Which of the lines below mention the word "Future"? Pull each one out.

■ ■ ■ ■

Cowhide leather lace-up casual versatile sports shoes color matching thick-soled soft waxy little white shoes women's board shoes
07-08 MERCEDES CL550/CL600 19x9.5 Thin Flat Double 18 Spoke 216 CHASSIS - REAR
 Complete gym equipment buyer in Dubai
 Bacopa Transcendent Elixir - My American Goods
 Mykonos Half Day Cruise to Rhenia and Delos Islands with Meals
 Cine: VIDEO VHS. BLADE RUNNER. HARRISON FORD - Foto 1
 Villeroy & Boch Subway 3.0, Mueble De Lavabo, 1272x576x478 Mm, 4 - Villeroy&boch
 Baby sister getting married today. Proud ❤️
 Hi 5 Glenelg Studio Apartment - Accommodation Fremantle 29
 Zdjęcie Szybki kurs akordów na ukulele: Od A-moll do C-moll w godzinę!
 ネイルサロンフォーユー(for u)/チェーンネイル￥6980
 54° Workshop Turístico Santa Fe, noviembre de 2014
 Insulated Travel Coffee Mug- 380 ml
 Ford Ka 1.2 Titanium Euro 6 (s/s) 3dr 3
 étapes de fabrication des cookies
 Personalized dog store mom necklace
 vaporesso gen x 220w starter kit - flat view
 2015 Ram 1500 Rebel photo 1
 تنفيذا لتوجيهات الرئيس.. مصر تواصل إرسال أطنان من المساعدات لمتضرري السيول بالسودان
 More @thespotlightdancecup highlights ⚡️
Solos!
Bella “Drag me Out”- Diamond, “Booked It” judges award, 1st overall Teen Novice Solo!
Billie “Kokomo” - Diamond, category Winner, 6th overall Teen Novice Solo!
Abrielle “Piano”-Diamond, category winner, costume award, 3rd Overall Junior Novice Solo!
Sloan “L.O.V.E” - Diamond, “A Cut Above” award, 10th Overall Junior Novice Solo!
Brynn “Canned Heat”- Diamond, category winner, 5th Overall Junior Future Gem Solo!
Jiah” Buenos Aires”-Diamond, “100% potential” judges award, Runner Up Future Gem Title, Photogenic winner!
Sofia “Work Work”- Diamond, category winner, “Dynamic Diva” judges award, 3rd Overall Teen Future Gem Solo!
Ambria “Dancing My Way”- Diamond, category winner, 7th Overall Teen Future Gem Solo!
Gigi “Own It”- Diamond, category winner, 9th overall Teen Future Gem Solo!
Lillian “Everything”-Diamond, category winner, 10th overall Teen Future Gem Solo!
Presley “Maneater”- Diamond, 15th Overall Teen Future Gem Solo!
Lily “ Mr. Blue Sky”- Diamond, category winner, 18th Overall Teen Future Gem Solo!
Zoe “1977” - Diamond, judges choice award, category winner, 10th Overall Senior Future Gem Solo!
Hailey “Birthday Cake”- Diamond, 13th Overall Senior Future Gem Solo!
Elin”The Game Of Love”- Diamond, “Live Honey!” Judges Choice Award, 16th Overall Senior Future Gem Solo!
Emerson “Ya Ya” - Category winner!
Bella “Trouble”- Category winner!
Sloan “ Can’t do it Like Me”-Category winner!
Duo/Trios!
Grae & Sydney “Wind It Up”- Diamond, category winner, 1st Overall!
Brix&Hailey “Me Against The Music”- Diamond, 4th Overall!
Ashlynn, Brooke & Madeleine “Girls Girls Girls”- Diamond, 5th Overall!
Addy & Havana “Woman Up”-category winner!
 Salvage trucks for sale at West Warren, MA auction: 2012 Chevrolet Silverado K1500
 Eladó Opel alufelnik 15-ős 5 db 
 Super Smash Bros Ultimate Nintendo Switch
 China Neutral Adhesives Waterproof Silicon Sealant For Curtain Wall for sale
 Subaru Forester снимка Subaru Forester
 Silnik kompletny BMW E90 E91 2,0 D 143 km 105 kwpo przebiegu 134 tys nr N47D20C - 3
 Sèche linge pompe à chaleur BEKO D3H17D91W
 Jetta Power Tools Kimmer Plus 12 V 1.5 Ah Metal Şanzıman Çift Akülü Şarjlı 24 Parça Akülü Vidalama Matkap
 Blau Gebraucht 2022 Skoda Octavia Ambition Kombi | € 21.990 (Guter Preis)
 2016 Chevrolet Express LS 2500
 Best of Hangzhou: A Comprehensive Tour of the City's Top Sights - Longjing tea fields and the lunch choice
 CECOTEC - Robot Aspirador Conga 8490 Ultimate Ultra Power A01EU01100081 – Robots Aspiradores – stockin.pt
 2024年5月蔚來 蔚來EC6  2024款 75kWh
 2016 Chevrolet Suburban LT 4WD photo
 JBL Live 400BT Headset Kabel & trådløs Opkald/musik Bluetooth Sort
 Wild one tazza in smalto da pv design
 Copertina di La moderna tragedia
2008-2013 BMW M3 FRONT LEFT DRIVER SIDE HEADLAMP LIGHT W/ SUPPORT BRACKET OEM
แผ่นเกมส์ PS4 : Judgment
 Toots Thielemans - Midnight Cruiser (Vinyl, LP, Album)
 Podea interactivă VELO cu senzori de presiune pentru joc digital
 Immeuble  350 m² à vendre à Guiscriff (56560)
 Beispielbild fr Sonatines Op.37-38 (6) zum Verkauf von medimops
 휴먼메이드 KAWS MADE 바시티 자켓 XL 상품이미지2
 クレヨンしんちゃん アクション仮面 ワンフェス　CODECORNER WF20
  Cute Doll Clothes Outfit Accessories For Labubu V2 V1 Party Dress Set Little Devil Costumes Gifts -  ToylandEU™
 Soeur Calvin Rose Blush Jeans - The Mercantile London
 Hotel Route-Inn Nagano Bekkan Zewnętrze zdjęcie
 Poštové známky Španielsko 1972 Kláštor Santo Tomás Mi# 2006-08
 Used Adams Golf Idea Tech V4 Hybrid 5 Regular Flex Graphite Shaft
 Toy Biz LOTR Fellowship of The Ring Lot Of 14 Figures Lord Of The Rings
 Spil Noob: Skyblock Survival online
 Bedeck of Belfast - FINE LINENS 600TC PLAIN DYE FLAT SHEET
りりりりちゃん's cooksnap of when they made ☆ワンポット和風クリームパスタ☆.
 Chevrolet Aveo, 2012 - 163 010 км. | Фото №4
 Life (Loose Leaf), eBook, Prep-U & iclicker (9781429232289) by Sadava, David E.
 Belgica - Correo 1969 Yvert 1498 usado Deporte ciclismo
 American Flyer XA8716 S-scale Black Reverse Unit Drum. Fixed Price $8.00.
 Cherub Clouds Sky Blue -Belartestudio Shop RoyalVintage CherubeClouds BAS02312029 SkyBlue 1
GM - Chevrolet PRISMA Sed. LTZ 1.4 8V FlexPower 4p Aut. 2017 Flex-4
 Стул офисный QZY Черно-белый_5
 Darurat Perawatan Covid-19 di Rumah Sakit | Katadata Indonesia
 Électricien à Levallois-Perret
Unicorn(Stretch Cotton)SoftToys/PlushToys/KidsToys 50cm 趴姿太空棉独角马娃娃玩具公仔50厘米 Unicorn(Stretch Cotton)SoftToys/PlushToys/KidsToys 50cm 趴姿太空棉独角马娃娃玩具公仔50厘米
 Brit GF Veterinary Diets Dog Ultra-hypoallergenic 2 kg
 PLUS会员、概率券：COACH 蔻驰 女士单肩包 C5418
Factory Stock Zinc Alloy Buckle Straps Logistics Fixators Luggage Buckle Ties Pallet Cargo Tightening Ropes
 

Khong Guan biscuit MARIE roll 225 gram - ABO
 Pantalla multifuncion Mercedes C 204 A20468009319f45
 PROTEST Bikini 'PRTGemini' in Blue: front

■ ■ ■ ■

** EXPECTED ANSWER **
Brynn “Canned Heat”- Diamond, category winner, 5th Overall Junior Future Gem Solo!
Jiah” Buenos Aires”-Diamond, “100% potential” judges award, Runner Up Future Gem Title, Photogenic winner!
Sofia “Work Work”- Diamond, category winner, “Dynamic Diva” judges award, 3rd Overall Teen Future Gem Solo!
Ambria “Dancing My Way”- Diamond, category winner, 7th Overall Teen Future Gem Solo!
Gigi “Own It”- Diamond, category winner, 9th overall Teen Future Gem Solo!
Lillian “Everything”-Diamond, category winner, 10th overall Teen Future Gem Solo!
Presley “Maneater”- Diamond, 15th Overall Teen Future Gem Solo!
Lily “ Mr. Blue Sky”- Diamond, category winner, 18th Overall Teen Future Gem Solo!
Zoe “1977” - Diamond, judges choice award, category winner, 10th Overall Senior Future Gem Solo!
Hailey “Birthday Cake”- Diamond, 13th Overall Senior Future Gem Solo!
Elin”The Game Of Love”- Diamond, “Live Honey!” Judges Choice Award, 16th Overall Senior Future Gem Solo!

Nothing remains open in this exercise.